Women with a history of CIN2 or a more severe diagnosis:
Following spontaneous regression or appropriate managment of CIN2 or a more severe diagnosis, routine screening should continue for at least 20 years (even if this extends screening past age 65).

Women post-hysterectomy for benign reasons:
Women at any age following a hysterectomy with removal of the cervix for benign reasons (i.e. no history of CIN2 or more severe diagnosis or cervical cancer) should not be screened for vaginal cancer using any modality.  Evidence of adequate negative prior screening is not required.  Once screening is discontinued it should not resume even if a woman reports having a new sexual partner.
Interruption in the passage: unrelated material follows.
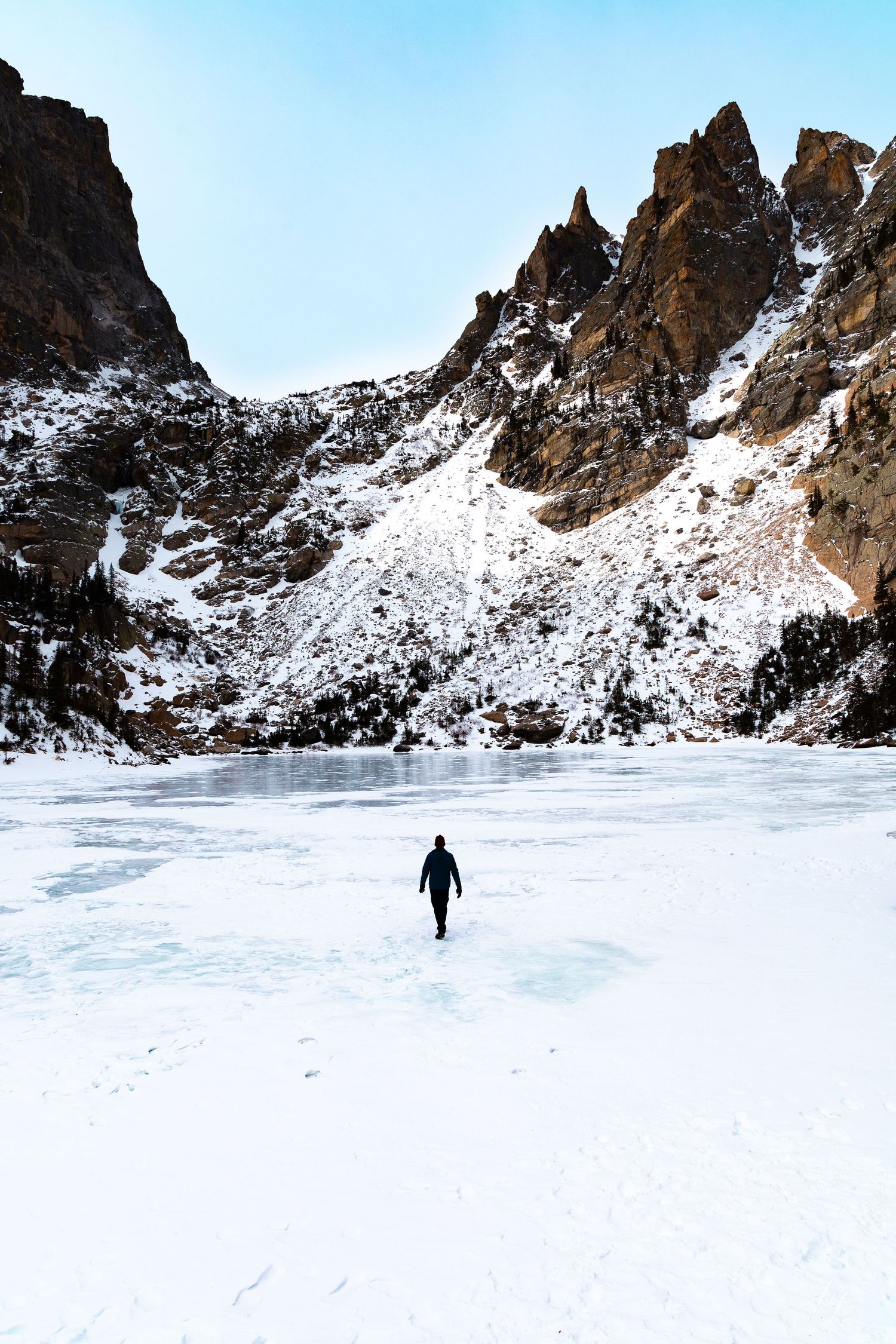 A lone figure walks across a frozen lake beneath towering snow-dusted mountain cliffs. Rocky Mountain National Park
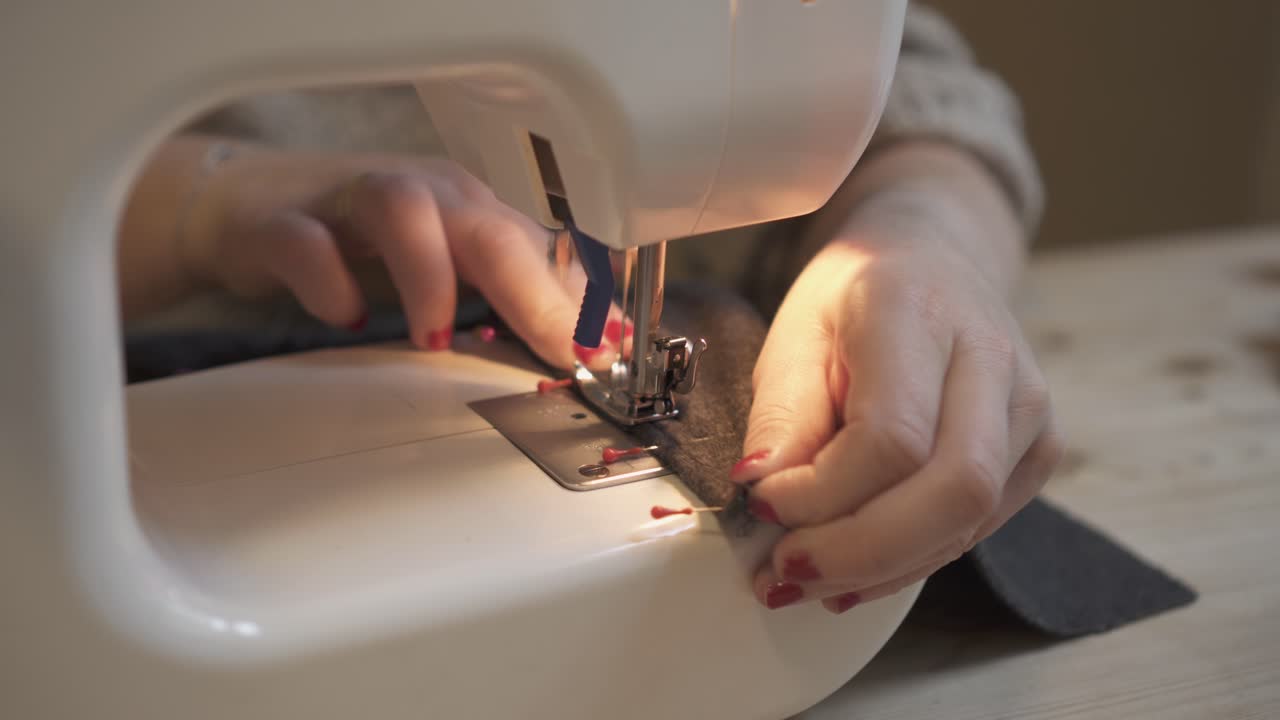 manos femeninas cosiendo tela en la máquina en el lugar de trabajo - cerrar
Women with a history of HPV vaccination:
Women at any age with a history of HPV vaccination should be screened according to the age-specific recommendations for the general population.

UPDATED ASCCP MANAGEMENT GUIDELINES FOR WOMEN WITH ABNORMAL
CERVICAL CANCER SCREENING TESTS

In addition to the new screening guidelines, the ASCCP has new updated consensus management guidelines for women with abnormal Pap tests.  To obtain the algorithms for managing these patients please contact Physicians Laboratory.  

ENDOCERVICAL BRUSHINGS

Occasionally Physicians Laboratory receives requests to process and report gynecologic cytology specimens from endocervical brushings.  There are two fairly recent articels in the CAP Today magazine which address this type of sample (see May 2010 and July 2010 issues under the Q and A section).

Cytology specimens submitted as "endocervical brushings" are gynecologic cytology specimens but are not Pap tests.  They may either be smeared on a slide or submitted in a ThinPrep vial.  An advantage to submitting them in liquid-based form is that a cell block can sometimes be obtained.  They are screened by a cytotech and reviewed and signed out by a pathologist.  If the sample is a direct smear the billing CPT code is most likely 88104, if prepared from a liquid-based sample from a liquid-based sample it would be an 88112.
Reporting is up to individual laboratories.  At Physicians Laboratory we use a modified Bethesda Systlm which would attempt to describe and grade any epithelial abnormality.  Comments about specimen adequcy as regards the Bethesda System do not apply to these specimens as they are not Pap tests.  As always, good communication between clincian and pathologist with adequate patient history is important for the optimal patient care and management.